ABSTRACT

This essay investigates the concept of a “ReNaissance of the Orient” (derived from Raymond Schwab’s “La Renaissance orientale”) and the complexity of the relationship between Occident and Orient. Flaubert’s tale “Hérodias” is taken as an example of a literary construct of a vision of the Orient which is refracted in numerous ways. The image of the Orient is made up of eclectic elements of historical, religious, literary, and iconographic source materials. The reading of the Flaubert text focuses on the poetic construction and exoticization of the “Other” with recourse to Edward Said’s thesis of the hegemonic colonial politics of power amid the complexities of what he calls “orientalism.” In Flaubert’s text these regimes are transferred to the topography of the female body. The focus of this poetic reconstruction is Salome’s dance. This chapter analyses the subtle scenographic and choreographic dramaturgy in which this dance is depicted as a medium of seduction, political power, and artistic eclecticism. Salome’s dance displays interwoven patterns taken from various dancing styles and cultures.
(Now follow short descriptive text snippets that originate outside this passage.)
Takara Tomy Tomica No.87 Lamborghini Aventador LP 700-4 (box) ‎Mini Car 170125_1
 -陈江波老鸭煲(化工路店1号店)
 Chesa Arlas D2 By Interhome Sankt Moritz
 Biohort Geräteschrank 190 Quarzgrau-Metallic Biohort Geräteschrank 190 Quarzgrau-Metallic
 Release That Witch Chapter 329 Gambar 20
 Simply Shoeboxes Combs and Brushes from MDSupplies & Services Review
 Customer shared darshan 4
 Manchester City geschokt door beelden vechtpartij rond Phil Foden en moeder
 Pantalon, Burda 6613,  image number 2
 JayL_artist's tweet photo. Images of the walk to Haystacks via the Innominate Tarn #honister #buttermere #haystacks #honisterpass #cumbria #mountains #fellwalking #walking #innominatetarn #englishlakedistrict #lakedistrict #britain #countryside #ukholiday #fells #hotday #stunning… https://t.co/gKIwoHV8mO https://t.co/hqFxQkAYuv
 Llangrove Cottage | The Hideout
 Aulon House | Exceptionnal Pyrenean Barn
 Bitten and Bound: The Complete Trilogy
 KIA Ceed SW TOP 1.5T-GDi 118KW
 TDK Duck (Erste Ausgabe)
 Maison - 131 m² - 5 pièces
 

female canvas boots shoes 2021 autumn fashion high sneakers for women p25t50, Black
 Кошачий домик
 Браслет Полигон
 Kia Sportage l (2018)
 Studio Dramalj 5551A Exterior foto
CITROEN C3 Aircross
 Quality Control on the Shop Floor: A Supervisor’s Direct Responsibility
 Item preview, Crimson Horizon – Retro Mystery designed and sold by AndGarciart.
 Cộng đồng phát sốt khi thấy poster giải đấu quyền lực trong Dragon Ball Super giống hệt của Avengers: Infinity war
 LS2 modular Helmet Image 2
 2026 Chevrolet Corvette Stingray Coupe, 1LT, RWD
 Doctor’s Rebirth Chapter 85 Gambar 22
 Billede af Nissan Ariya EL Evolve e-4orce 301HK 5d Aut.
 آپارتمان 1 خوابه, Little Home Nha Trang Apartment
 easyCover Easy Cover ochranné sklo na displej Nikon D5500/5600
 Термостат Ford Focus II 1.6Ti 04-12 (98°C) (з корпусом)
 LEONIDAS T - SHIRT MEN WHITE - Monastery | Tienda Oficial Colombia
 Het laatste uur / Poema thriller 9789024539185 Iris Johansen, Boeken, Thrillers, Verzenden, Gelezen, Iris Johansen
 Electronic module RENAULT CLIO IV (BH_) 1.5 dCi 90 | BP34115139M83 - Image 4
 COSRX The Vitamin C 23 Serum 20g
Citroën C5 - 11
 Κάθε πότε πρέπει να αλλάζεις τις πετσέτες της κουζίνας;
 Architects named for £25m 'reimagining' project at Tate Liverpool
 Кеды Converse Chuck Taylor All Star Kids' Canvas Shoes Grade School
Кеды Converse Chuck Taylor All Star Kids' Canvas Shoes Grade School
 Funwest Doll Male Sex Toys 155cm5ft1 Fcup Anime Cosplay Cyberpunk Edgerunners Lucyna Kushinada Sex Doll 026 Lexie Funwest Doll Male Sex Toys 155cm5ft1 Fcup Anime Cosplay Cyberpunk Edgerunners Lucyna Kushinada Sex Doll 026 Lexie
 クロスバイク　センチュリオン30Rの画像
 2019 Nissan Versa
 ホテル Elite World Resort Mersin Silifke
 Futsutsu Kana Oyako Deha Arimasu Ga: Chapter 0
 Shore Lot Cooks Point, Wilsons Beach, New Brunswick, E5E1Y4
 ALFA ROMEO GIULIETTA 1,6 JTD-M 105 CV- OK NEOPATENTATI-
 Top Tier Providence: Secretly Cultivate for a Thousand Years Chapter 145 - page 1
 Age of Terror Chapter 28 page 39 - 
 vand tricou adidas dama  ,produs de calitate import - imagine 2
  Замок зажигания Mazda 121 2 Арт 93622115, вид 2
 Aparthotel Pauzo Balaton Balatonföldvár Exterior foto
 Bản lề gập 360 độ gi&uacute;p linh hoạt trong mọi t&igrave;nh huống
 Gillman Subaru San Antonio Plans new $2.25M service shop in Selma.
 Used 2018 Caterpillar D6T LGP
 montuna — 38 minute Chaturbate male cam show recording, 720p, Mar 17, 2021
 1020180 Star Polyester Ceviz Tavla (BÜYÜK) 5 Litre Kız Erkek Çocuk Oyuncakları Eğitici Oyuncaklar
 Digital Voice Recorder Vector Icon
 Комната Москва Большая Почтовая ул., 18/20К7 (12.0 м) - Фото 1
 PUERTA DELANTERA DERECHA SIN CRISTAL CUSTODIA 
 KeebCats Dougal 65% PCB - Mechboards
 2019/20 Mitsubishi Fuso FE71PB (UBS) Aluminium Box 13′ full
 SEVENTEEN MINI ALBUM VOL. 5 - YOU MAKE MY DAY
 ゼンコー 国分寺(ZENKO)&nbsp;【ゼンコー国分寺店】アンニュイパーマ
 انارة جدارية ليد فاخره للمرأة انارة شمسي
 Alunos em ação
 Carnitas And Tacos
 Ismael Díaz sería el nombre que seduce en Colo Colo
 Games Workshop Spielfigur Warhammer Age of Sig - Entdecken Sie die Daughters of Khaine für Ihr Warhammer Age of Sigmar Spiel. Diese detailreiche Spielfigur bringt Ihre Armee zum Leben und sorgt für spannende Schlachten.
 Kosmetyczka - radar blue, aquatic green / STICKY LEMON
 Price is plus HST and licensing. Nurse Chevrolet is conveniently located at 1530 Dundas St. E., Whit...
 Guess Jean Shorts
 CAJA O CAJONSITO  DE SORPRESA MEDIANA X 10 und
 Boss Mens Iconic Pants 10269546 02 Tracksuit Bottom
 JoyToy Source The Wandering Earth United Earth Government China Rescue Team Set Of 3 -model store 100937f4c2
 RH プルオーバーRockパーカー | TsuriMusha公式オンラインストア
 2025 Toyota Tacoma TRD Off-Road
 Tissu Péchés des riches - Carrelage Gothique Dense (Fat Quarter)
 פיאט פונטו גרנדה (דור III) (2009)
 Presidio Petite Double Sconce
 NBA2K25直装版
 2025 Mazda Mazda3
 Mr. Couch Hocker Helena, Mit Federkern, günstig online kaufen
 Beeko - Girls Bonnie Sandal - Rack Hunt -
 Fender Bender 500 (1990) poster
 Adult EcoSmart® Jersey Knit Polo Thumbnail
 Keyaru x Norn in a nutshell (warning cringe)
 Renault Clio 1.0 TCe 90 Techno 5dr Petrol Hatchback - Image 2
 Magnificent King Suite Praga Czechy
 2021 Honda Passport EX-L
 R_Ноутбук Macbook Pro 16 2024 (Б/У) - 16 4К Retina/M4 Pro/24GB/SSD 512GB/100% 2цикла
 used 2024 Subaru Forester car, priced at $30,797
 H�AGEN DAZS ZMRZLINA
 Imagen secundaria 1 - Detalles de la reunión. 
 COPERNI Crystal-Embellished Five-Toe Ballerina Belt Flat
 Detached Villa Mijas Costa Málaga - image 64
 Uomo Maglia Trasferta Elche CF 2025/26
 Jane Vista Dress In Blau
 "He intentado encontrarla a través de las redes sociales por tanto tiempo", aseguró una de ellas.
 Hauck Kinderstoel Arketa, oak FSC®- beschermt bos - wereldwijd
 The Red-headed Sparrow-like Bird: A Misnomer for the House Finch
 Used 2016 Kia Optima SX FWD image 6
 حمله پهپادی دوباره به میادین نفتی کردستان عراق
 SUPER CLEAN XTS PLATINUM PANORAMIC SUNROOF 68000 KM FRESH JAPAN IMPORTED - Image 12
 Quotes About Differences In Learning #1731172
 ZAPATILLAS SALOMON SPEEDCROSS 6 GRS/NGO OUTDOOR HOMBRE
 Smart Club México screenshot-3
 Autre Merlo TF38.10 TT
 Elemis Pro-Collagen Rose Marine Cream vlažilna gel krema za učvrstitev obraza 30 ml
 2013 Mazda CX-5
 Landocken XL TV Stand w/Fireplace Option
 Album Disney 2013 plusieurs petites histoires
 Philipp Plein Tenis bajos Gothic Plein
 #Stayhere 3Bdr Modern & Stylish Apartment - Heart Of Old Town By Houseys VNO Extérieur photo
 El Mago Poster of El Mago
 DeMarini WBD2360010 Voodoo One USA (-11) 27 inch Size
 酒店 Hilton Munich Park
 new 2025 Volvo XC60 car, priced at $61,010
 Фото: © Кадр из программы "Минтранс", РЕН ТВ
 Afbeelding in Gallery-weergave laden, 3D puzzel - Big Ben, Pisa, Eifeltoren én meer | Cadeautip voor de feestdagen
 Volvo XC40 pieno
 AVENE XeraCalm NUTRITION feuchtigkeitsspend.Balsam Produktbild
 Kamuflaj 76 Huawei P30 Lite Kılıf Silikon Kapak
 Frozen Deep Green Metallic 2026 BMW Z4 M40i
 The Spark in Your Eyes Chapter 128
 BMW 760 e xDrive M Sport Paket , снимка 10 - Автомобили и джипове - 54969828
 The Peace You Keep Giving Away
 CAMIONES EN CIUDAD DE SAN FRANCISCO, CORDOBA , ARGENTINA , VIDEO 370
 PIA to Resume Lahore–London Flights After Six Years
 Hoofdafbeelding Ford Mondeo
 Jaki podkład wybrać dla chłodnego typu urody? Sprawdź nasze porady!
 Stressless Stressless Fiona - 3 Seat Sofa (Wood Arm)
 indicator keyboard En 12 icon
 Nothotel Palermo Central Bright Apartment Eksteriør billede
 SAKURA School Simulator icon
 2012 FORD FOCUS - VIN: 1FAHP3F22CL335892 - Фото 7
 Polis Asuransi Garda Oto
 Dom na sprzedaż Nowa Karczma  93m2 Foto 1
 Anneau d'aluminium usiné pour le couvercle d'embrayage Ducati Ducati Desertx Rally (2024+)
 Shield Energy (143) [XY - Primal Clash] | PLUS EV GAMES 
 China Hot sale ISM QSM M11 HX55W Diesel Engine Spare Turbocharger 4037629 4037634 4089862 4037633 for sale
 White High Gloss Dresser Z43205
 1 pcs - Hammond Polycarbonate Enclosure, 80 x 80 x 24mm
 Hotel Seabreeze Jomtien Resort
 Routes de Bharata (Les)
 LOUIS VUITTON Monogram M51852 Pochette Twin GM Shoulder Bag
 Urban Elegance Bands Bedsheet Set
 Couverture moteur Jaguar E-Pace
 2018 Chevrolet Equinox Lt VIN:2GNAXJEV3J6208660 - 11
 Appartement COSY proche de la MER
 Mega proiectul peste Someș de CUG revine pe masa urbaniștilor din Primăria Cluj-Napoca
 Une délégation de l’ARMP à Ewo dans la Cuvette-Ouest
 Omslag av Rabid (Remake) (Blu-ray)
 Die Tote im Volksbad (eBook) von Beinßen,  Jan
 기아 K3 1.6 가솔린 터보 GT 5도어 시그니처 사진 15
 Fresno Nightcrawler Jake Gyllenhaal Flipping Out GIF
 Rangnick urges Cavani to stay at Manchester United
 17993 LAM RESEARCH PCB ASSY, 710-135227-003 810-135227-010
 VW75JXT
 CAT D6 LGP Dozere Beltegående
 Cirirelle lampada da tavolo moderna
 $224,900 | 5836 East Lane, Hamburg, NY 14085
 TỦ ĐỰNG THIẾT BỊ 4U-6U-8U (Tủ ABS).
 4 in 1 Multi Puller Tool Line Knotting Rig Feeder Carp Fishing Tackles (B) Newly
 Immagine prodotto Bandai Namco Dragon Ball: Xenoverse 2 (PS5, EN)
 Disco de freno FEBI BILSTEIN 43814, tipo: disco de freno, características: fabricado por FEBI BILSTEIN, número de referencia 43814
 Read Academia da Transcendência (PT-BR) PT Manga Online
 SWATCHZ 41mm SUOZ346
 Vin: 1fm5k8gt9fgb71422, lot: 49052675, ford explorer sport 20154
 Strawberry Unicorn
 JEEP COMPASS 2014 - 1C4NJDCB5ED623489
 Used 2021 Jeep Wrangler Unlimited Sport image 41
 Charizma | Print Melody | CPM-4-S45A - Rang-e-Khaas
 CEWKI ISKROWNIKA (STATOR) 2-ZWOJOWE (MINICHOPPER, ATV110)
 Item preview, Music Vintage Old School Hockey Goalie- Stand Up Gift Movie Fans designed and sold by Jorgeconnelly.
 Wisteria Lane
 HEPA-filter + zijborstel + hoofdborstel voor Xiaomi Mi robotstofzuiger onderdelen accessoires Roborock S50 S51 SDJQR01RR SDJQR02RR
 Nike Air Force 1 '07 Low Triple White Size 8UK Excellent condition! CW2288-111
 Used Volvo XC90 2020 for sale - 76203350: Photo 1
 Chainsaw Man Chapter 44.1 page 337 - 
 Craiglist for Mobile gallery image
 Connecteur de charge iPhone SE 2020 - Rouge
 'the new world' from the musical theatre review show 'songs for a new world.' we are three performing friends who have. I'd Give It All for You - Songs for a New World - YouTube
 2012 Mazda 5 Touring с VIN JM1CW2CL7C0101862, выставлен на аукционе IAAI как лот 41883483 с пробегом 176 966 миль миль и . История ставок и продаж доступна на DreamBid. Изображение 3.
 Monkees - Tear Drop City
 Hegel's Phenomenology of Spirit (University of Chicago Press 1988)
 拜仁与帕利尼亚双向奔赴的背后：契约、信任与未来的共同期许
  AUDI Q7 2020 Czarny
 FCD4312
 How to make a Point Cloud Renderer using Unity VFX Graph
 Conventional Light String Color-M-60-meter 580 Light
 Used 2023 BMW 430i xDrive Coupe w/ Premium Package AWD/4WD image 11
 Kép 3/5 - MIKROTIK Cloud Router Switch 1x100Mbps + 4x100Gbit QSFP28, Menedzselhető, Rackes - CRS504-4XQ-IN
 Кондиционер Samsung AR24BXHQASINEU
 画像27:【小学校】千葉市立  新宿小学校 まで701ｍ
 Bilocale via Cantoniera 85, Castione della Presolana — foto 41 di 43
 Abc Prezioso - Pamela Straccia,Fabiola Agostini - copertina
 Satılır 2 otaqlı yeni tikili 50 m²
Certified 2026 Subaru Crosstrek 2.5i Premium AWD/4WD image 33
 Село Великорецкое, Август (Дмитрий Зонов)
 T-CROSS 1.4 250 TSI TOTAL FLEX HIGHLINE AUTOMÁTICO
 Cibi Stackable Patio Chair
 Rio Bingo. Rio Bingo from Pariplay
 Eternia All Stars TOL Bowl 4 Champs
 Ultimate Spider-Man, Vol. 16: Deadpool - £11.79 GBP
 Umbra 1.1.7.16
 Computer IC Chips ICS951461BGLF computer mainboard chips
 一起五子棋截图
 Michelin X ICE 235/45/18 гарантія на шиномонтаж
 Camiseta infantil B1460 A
It is composed as a hybrid, a dance palimpsest made up of circus acrobatics and Temple Dance, belly-dancing and ballet, Sufi circles and poses borrowed from Western dance designers. Thus, the dance formulates a topography of that contradictory concept of the “Orient,” whose renascence helped shape Europe’s view of itself at the end of the 19th century. Salome’s dance in Flaubert’s fictional text contains Roman, African, Egyptian, Arab, and Jewish elements and may be regarded as an example of the movements and borrowings of cultural, religious, and political identity and their (dis-)entanglements.